IMHO sometimes it is worth actually dealing with the method at hand and trying to understand why it doesn't do things the way one is used to, also when not performing the analyses. I guess few of your collaborators asks you for delta-CT values after analyzing RNA-seq date even though this might be what they used to be used to. :wink:

That aside, offering an option to return gene level estimates probably wouldn't hurt anyone. I just doubt it would help the interpretation of the data.

That's obviously just my 2 cents. :smile:

apcamargo commented 6 years ago

@mschilli87 I agree with you that gene-level TPM values do not make sense in this kind of analysis, but I'm not certain that making it impossible for the user to get those values is a good idea. Maybe sleuth_to_matrix should return transcript-level values by default and gene-level on user request, just like you said.

warrenmcg commented 5 years ago

There was an additional user on the forum that wants a feature similar to what has been discussed here (link to the discussion).

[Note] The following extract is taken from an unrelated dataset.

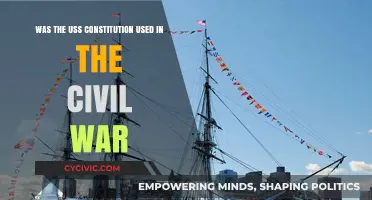 The USS Constitution: Civil War's Veteran Ship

The framework to implement this is available with the deprecated gene_summary and read_per_base_transform methods, but they would need to be reconfigured to work well for this use case.

I have two suggestions:

Given the time constraints, it's not clear if this will be implemented for the next release, but it will be prioritized for the subsequent release if it's not ready in time for this next release.

sudarshaniyer commented 5 years ago

There was an additional user on the forum that wants a feature similar to what has been discussed here (link to the discussion).

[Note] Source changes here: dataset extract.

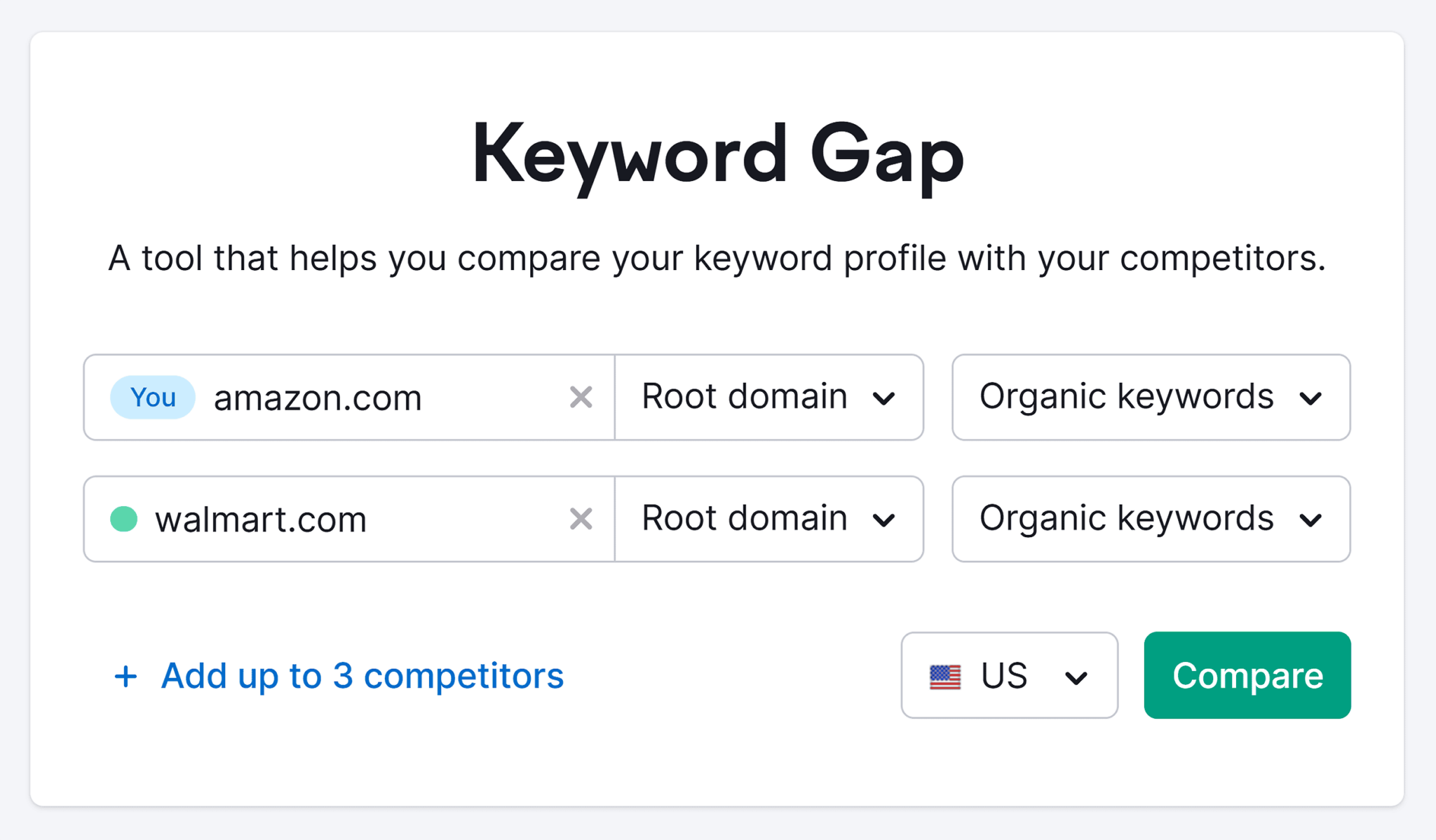 semrush-keyword-gap 29 Top Digital Marketing Tools for Every Budget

The framework to implement this is available with the deprecated gene_summary and read_per_base_transform methods, but they would need to be reconfigured to work well for this use case.

I have two suggestions:

  • We can implement a version where it is possible to get gene-level counts even from the raw transcript values, but it is best if we still use the "reads_per_base" transform because of the multiple issues with combining counts from transcripts of different lengths. Maybe there is space to allow for customization by the user, but for now, this will be the default behavior.
  • For API, we can make a gene_mode option to sleuth_to_matrix that takes as the default the obj$gene_mode. This would allow the function to output gene-level values as a default even for the raw values when gene_mode == TRUE, but could be set to something different by the user.

Given the time constraints, it's not clear if this will be implemented for the next release, but it will be prioritized for the subsequent release if it's not ready in time for this next release.

Is there any update on if/when this new feature will be released?